Le premier apport massif (575 000 individus) a été celui qui résultait de la traite des noirs (jusqu’en 1807) et de l’esclavage (jusqu’en 1865), les esclaves noirs étaient plus nombreux que les Européens, surtout dans les colonies d’exploitation. Cependant, le nombre d’esclaves noirs venant d’Afrique a été beaucoup moins important que dans les Antilles et 10 fois moins élevé qu’au Brésil. Le destin des États-Unis aurait pu se calquer sur celui du Brésil aux alentours de 1750 : deux continents géants peuplés à peine d’un million d’habitants, dont 70 % d’Indiens et surtout de noirs, et une poignée d’immigrants blancs ! Faute de main d’œuvre, les esclaves noirs pouvaient fournir la solution, mais la colonie serait devenue une nouvelle Afrique ! Lors du premier recensement en 1790, on avait estimé que les esclaves noirs formaient encore 20 % de la population, mais les Indiens n’étaient pas décomptés. Certes la population des esclaves a contribué à l’accroissement de la population, d’autant plus que les grands propriétaires, une fois la traite négrière fermée, espéraient que les enfants nés dans la plantation leur apporteraient la main d’œuvre voulue. Entre 1790 et 1860, la population noire a sextuplé, passant de 750 000 à 4,4 millions ce qui atteste sa fécondité, puis elle a décuplé pour atteindre 41 millions en 2006. Et pourtant, c’est en fait l’accroissement des immigrants européens et leur fécondité, un taux de natalité de 55°/°° (comparable à celui du Nigeria actuel), qui a nourri l’expansion démographique : leur population augmente d’un tiers tous les 10 ans, elle progresse d’un effectif de 4 millions à 31 millions d’individus en 1860.

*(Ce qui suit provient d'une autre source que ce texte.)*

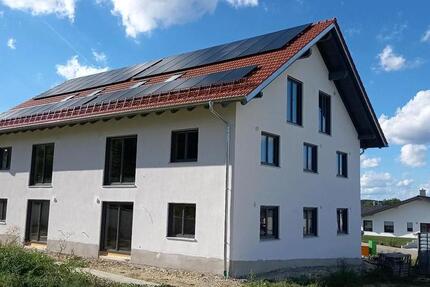 Wohnung Eichendorf - 3 Zimmer, 85 m&sup2;, 895&euro; | Angebot:27566803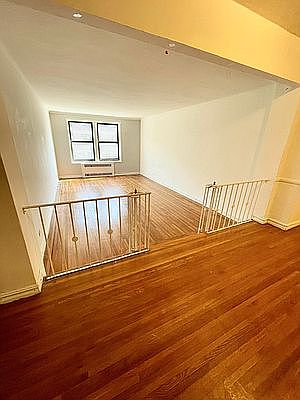 5th image of 67-70 Yellowstone Blvd #5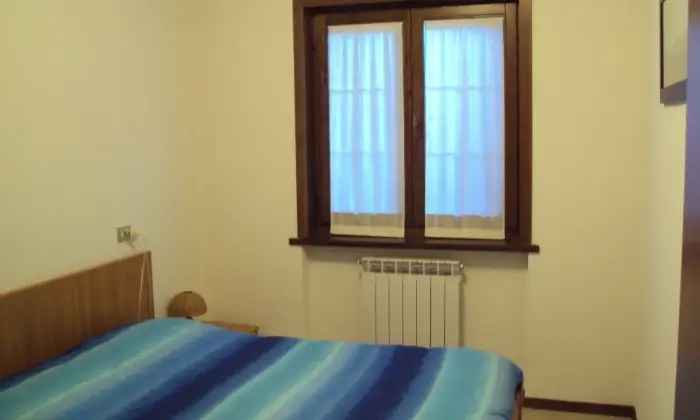 Rexer-Borno-OTTIMA-VISTA-CARINISSIMO-TRILOCALE-ARREDATO-CAMERA-DA-LETTO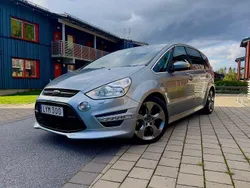 Grå Begagnad 2012 Ford S-MAX Sport Minibuss | 90 000 kr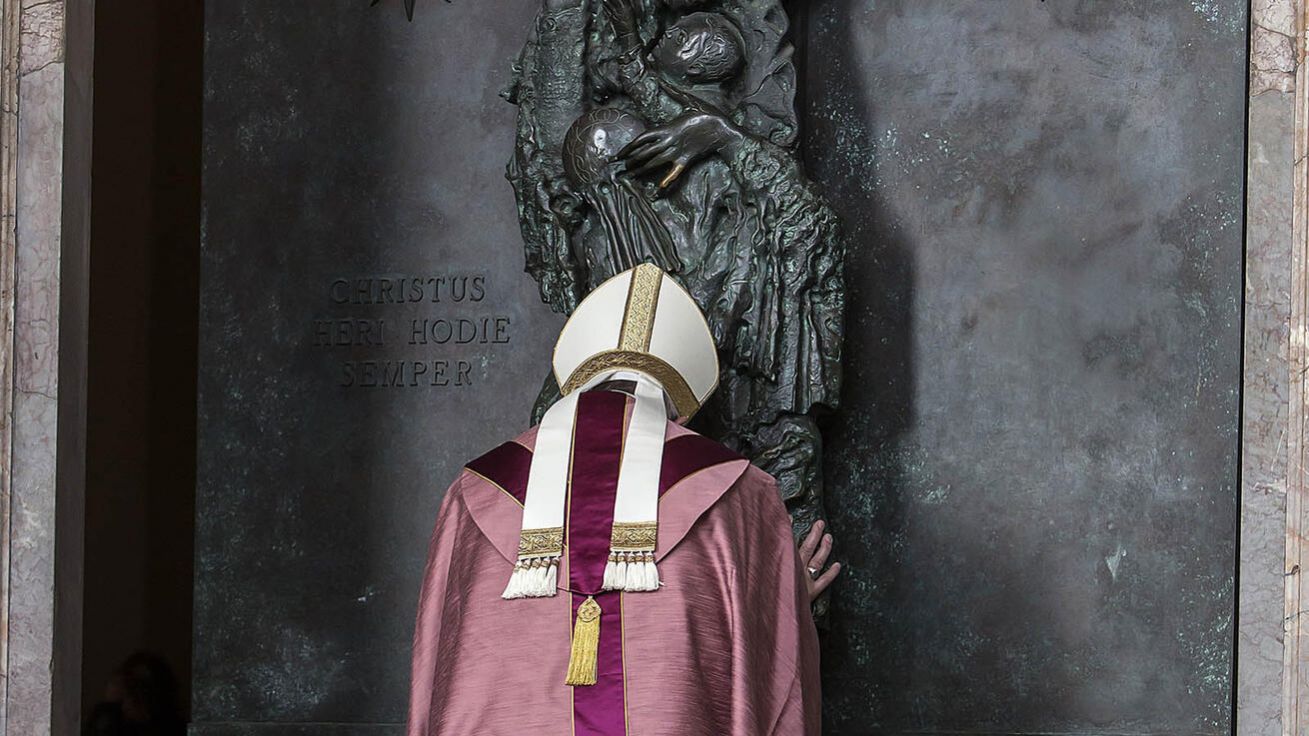 image:Image Papež František při zahájení dosud posledního Svatého roku otevíral Svatou bránu baziliky sv. Jana v Lateránu v prosinci roku 2015.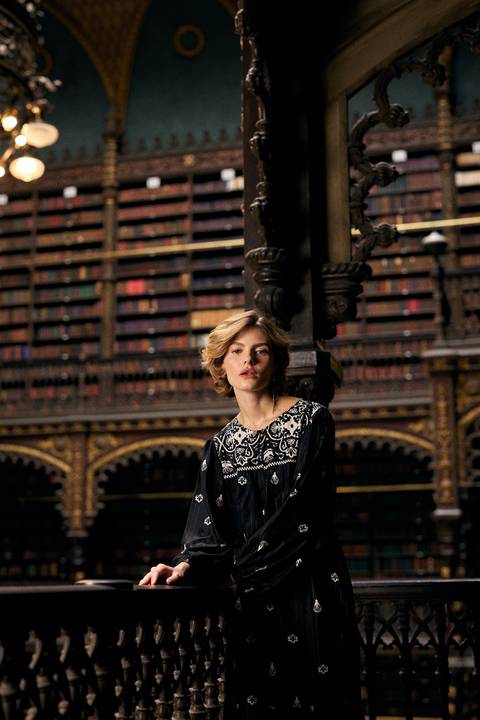 French por Maya Morikawa Somos Wa Produtora Audiovisual'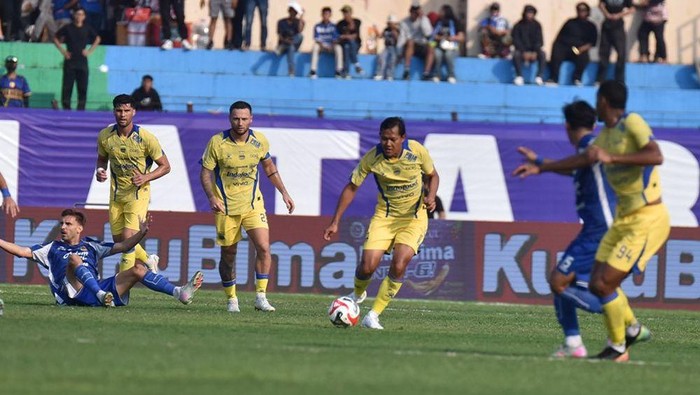 Laga PSIM Yogyakarta vs Persib Bandung di Stadion Sultan Agung, Bantul, Minggu (24/8/2025).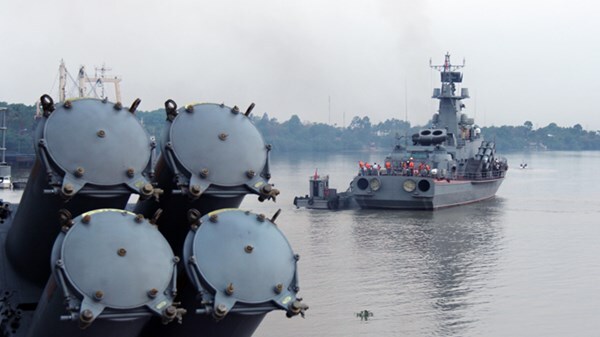 Luyện binh trên tàu tên lửa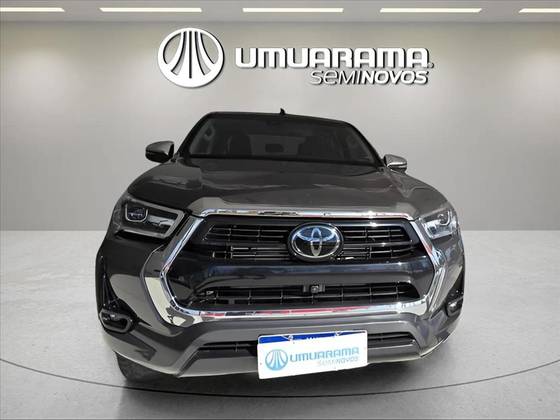 TOYOTA HILUX 2.8 D-4D TURBO DIESEL CD SRX 4X4 AUTOMÁTICO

2° L’assimilation des Anglais et des peuples du nord
L’Angleterre était au milieu du dix-huitième siècle faiblement peuplée, elle avait retrouvé lentement son niveau de peuplement d’avant la peste noire. Les guerres, la pauvreté et les épidémies avaient suscité une longue stagnation démographique, la population oscillait entre 5 et 6 millions d’habitants. Or de 1740 à 1900 la population de l’Angleterre a sextuplé. Les États-Unis ont alors reçu le plus vaste courant d’émigration du dix-neuvième siècle : ils ont reçu 60 millions d’émigrés en 150 ans, leur population atteindra 92 millions d’habitants en 1910. Les émigrés ont contribué au tiers de l’accroissement de la population américaine : au début du siècle dernier, la moitié de la population était d’origine étrangère. Le plus surprenant est le fait que les immigrants étaient à 80 % originaires de l’Europe du Nord, mais en fin de période quand chaque année un million de nouveaux venus arrivaient, ceux-là étaient à 80 % originaires de l’Europe du Sud et de l’Europe centrale.

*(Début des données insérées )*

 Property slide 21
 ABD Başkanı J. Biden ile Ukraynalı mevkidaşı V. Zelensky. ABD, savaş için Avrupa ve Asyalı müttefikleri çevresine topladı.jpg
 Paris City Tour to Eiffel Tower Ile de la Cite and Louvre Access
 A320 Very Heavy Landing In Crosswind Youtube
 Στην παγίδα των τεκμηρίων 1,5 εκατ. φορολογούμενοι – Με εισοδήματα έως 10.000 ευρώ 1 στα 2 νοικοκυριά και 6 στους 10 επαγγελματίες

Les premiers immigrants étaient des exilés politiques qui fuyaient l’intolérance religieuse des souverains anglais (Stuarts ou Tudors), voire la dictature (Cromwell). Ils étaient peu nombreux. Une migration économique leur succède. L’Angleterre fut la mère de la révolution agricole et de la révolution industrielle. Cependant, l’accroissement très rapide de la population finit par créer un exode massif vers les colonies, en particulier vers l’Amérique, à partir du moment où l’indépendance et la forme de gouvernement de la Fédération garantissaient leur liberté.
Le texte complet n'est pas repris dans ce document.